Di questa generazione curiosa e vivacissima, Ali Douagi è l’esponente di maggior spicco; intelligente e visionario pur nel suo attaccamento disincantato alla realtà quotidiana, poliedrico negli interessi, rivela i suoi molti volti artistici come disegnatore caricaturista, autore di canzoni musicate dai più noti compositori dell’epoca, narratore e drammaturgo, nonché attore e animatore culturale radiofonico [10]. Douagi è l’ideatore, la mente di Essourour: direttore, editore (sua è la tipografia a naj El Mar, a Bab Menara), ideatore del logo della rivista, in puro stile Déco, come le campate e i decori delle facciate dei quartieri franco-italiani, estensore della gran parte dei contributi, alcuni direttamente firmati, altri sotto pseudonimo e, possiamo aggiungere, molti anonimi.
Non sarebbe criticamente attendibile attribuire direttamente “Ech Chouelki” a Douagi, anche perché molti tratti accomunano i contributi dei redattori della rivista. Ma è indubbio che molte caratteristiche di stile e contenuti riportano alla sua poetica e scrittura: l’adesione a un realismo non come astratta teoria, ma come presa diretta sulla vita reale della sua epoca nelle sue differenti identità; una scrittura naturale e lineare, ma non convenzionale, che cerca la messa in ridicolo dei clichés linguistici ed espressivi delle diverse categorie umane e sociali e che mette in scena e mobilita tutti i registri linguistici di espressione, riproduce, come un registratore ante-litteram, le diverse sfumature di pronuncia referenti all’appartenenza sociale o etnica dei suoi personaggi; l’attitudine a trasferire i suoi inizi di disegnatore caricaturista nella sua scrittura: la blague come tecnica di racconto o di scrittura, il ritratto attraverso il cesello della parola e l’attenta individuazione dei particolari caratterizzanti. Douagi inquadra il personaggio con l’occhio del ritrattista: il tratto del disegno si fa racconto, l’attitudine allo schizzo caricaturale si fa narrazione umoristica; la propensione al racconto dialogico e di brevi dimensioni, ossia la drammatizzazione del testo, che diventa stilema di ogni suo scritto, la inserzione del personaggio interlocutore – spalla o antagonista – che sia narrativo, o articolo di giornale o persino le canzoni.

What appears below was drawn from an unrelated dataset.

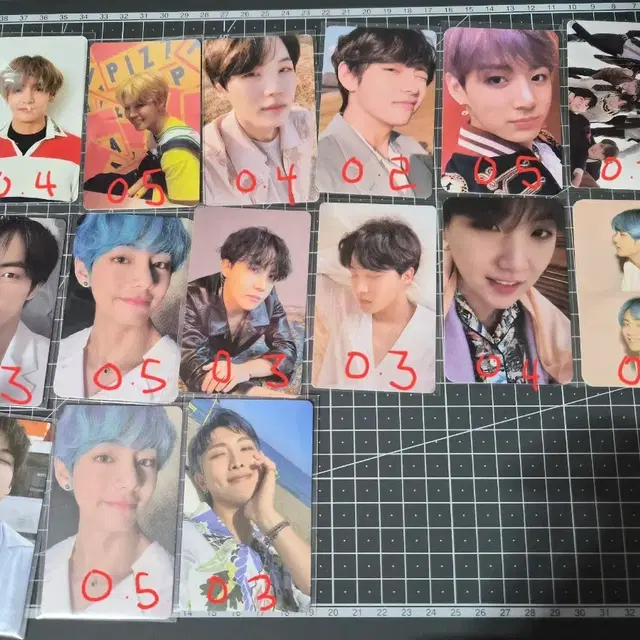 급처) 방탄 앨범 포카 덤 많음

Douagi presenta modestamente se stesso come un «artigiano» del realismo, inteso come sguardo sulla realtà della sua vita; uno sguardo sorridente, apparentemente bonario, aperto al suo lato comico. Ma sovente la comicità di superficie rivela la drammaticità della condizione umana, il sentimento del contrario che genera – pirandellianamente – l’umorismo. Mente carismatica del gruppo, ha influenzato [11] le carriere artistiche degli altri giovani, e basterebbe confrontare i suoi racconti con quelli firmati da Laabidi sulla rivista, o i suoi tratti caricaturistici con quelli di Ghairi. Ma, al di là dei compiti del filologo, e dell’appassionante ricerca dell’attribuzione, nel caso della pièce “Ech Chouelki” è comunque il contenuto a imporsi, la presa istantanea su una realtà minore, marginale, ma dignitosa e persistente, in queste sue caratteristiche, fino alla più contigua realtà dei nostri giorni, che spesso emerge dal suo statuto di invisibile solo nella rarefatta atmosfera di un isolamento pandemico [12].